The number that reframes the experiment

$1,500

spent on API calls to test one intentionally vulnerable app

$1,500 sounds like a reasonable experiment budget. It is also roughly the cost of four hours of a senior penetration tester's time at standard consulting rates ($300-$400/hour is typical for experienced external pentesters in 2024). That four-hour block would produce a scoped findings report with exploitability ratings, reproduction steps, and remediation priority. The LLM run produced raw findings that still required human interpretation. If that number were $150, the calculus shifts. At one-tenth the cost, even a 60% false positive rate is acceptable for early-stage triage. You run the model pass on every pull request, accept the noise, and escalate the plausible findings to a human. That workflow makes sense.
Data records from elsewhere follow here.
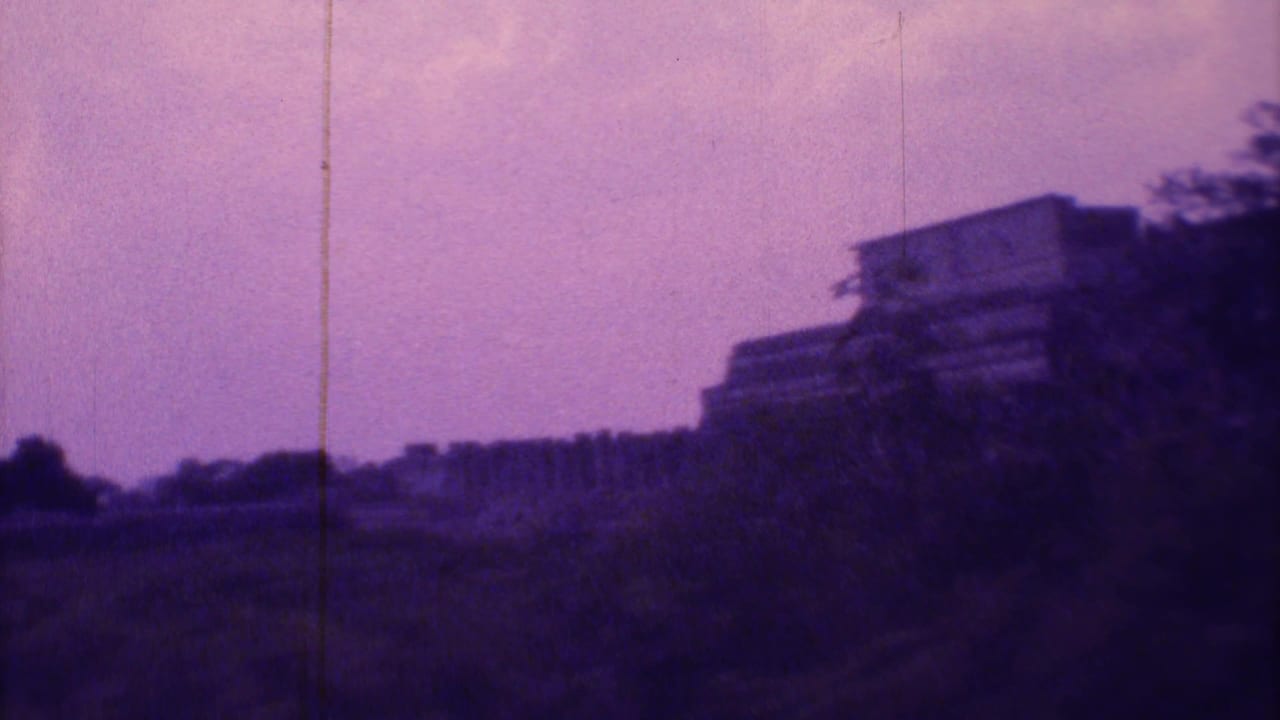 Distant stepped monument and low buildings seen across open terrain under a purple-tinted sky.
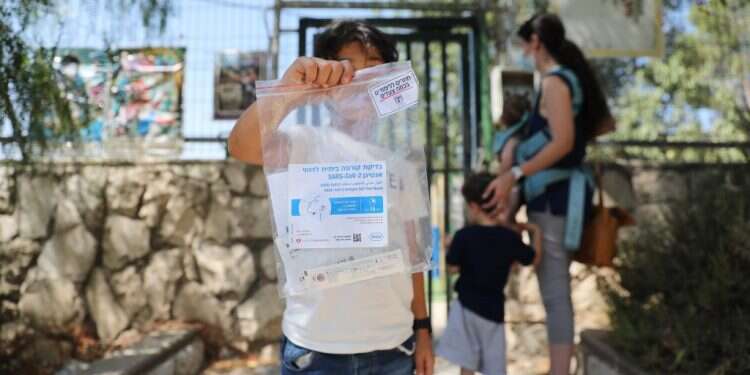 תלמיד מחזיק בדיקת קורונה מחוץ לבית ספר בירושלים. צילום: EPA בצל השיא במאומתים ליום: נפתחה שנת הלימודים בישראל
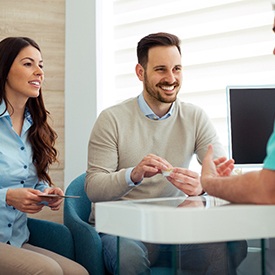 Couple smiling while talking to dentist in their office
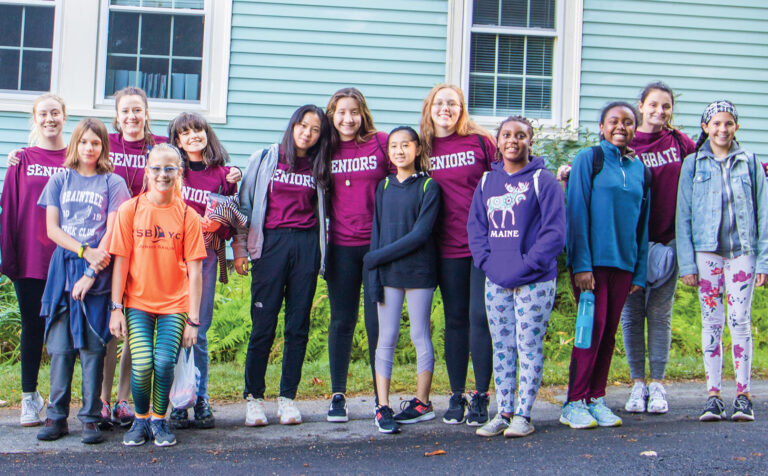 Students stand outisde of The Woodward School in Quincy, MA.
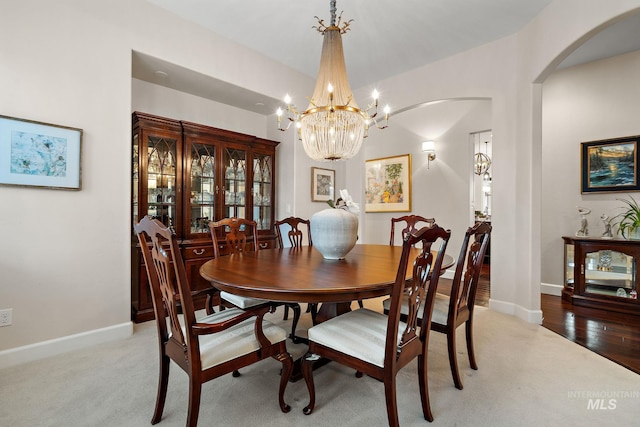 724 E Lakebrook Ln, Eagle, ID 83616 - dining space with arched walkways, light colored carpet, and a chandelier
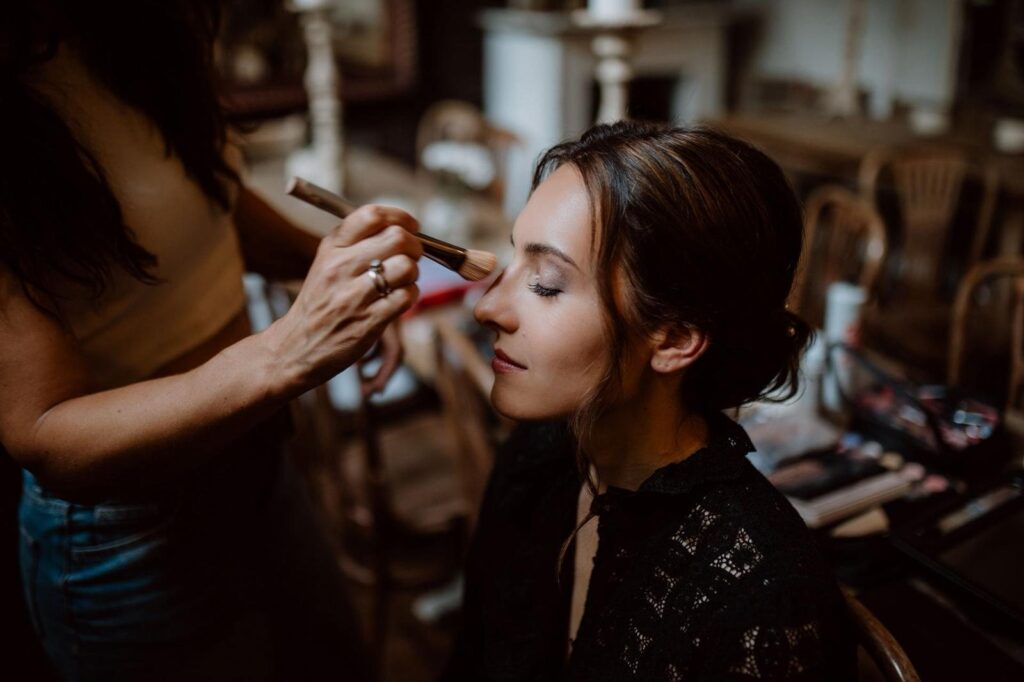 Natalie Aust trägt Lidschatten mit dem Pinsel auf, Braut mit dunklem Haarknoten und schwarzer Spitzenbluse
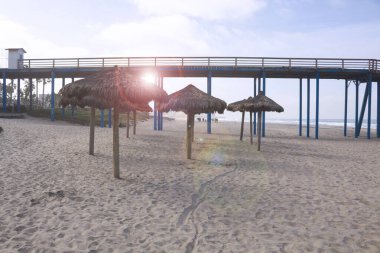 beach vacation background with palm tree umbrellas and pier in summer with sun flare in rosarito mexico clipart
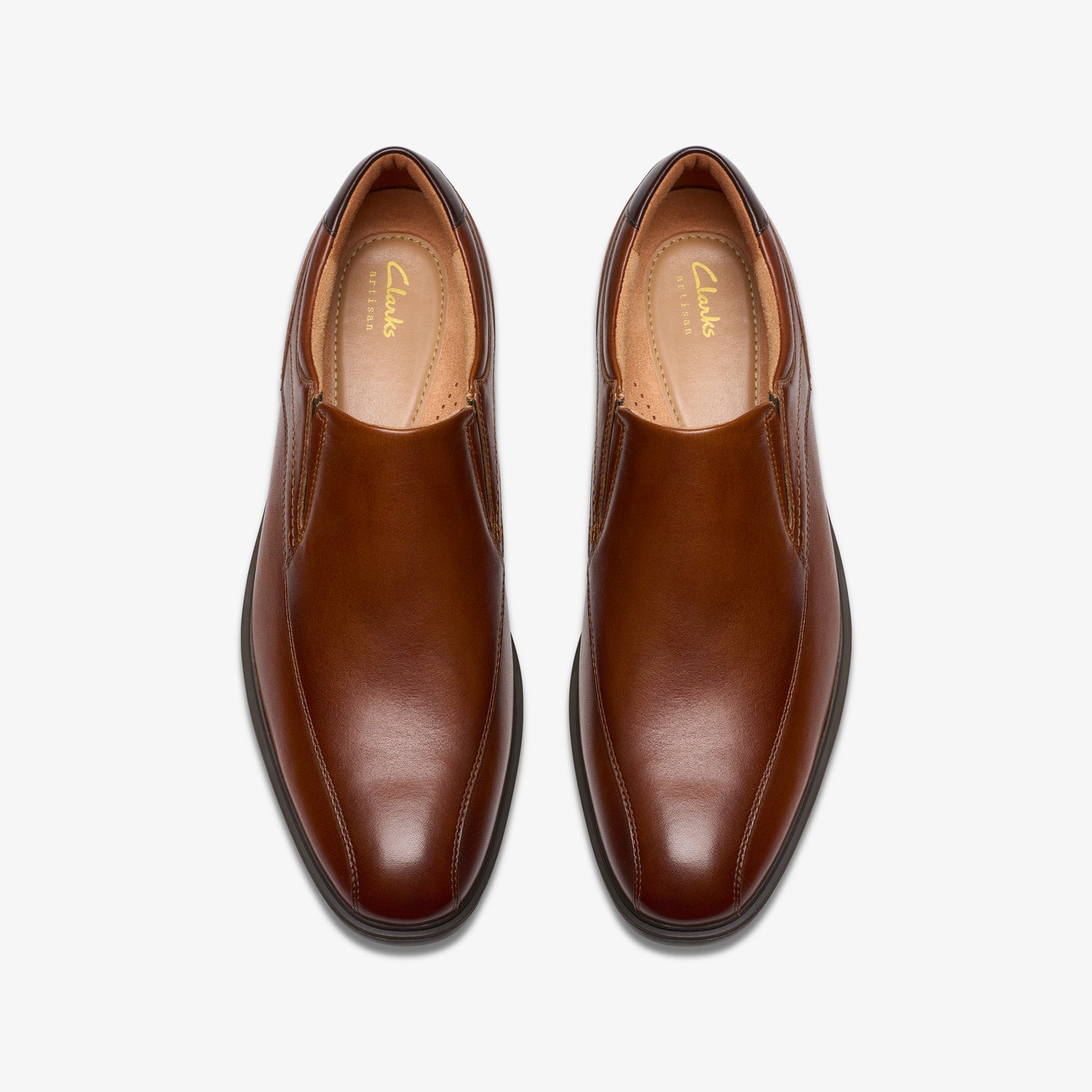 Pair of brown leather slip-on dress shoes with rounded toes.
If that number were $15,000, you are approaching the cost of a full external pentest engagement, and the comparison becomes unflattering. A proper engagement includes authenticated testing, business logic review, and a remediation call. An LLM at $15,000 in API costs is burning money on repeated prompts without the cumulative reasoning a human tester builds across a multi-day engagement. At $1,500, the honest position is: this is useful for code-level pattern matching and faster than nothing for initial triage, but it is not a substitute for a scoped pentest. The experiment confirms that. What it also suggests is that the tooling around the model (how context is passed between steps, how findings are aggregated, how the human reviewer is looped in) matters more than which model you pick. The Claude vs ChatGPT question is less important than whether your pipeline actually chains the findings into exploitable scenarios rather than dumping a flat list of candidates. The security community has been here before with automated scanners. Burp Suite Professional does not replace a pentester. Neither does an LLM. The question is always where in the workflow the automation earns its cost, and where it creates work instead of eliminating it.

TL;DR

LLMs find known vulnerability patterns fast and cheaply, but struggle with the chained reasoning that makes findings exploitable. At $1,500 for a single app, the cost is competitive only if you account for the human triage time the model's uncertain outputs generate.